Airbus Unveils Long-Range A350

The aircraft type is part of a family expected to generate a healthy volume of MRO demand over the next decade.

Airbus has rolled out the first ultra-long-range (ULR) variant of its A350 widebody.

Based on the A350-900, the A350 ULR incorporates several engineering changes to extend its range from 8,100nm to 9,700nm – or about 20 hours non-stop flying. Maximum take-off weight is 280 tonnes.

To achieve this, the A350-900 ULR has a modified fuel system that can carry an extra 24,000 litres without additional fuel tanks, as well as aerodynamic improvements such as extended winglets.

Following completion of the airframe assembly, the first aircraft has now moved to an outdoor station where it will undergo ground tests, prior to installation of its Rolls-Royce Trent XWB engines

It will then embark on a short flight test program to certify the changes the give the extra range. The test phase will also measure performance gains derived from aerodynamic improvements.

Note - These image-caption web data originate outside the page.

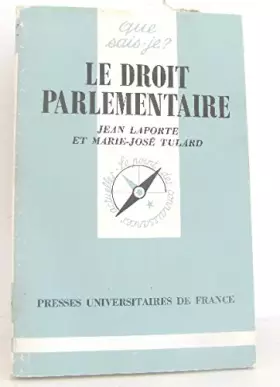 Couverture du produit · Le Droit parlementaire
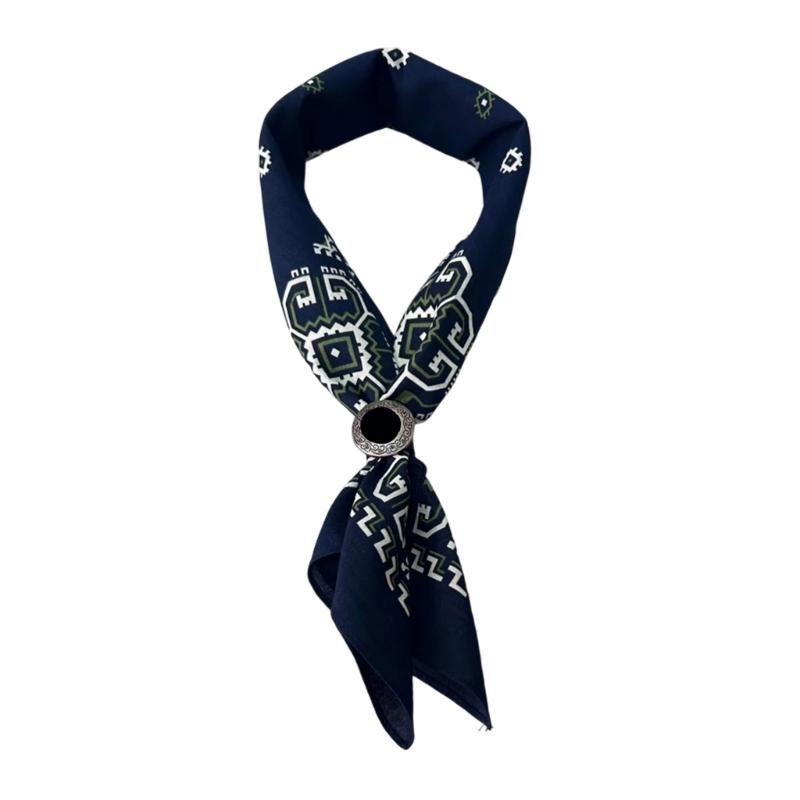 Stylish Ethnic Bandanas for Hip Hop Enthusiasts Breathable Square Scarf and Headwear Unisex Hair Accessory for Women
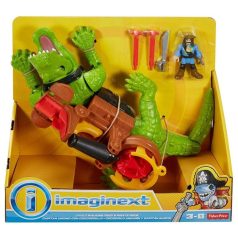   Imaginext Kalózos játékszett - Sétáló krokodil és Hook kapitány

The addition of the A350 ULR to the in-service aircraft adds to an aftermarket forecast to generate strong demand, according to data from Aviation Week’s 2018 Fleet & MRO Forecast. From 2018 to 2027, the aircraft has a projected year-on-year MRO growth rate of 26.3%, with line maintenance (37%) expected to account for the majority of work over a 10-year period.

Launch customer Singapore Airlines (SIA), based in an Asia-Pacific region projected by Aviation Week to generate $8 billion of MRO work from now until 2027, will take seven of the new aircraft as part of an order for 67 A350-900s and will use the ULR variant to reinstate the world’s longest route, from Singapore to New York.

The airline operated the service until 2012 using four-engine A340-500 aircraft on a 9,000nm polar route that took about 18 hours.

While the A350 ULR can seat between 250 and 300 passengers, it has been reported that SIA will install a cabin of 170 mostly business class seats for its longest routes.

SIA phased out its last A340 in 2013, and the current holder of the world’s longest flight is Qatar Airways, which operates its 7,850nm Doha-Auckland service with Boeing 777-200LR aircraft.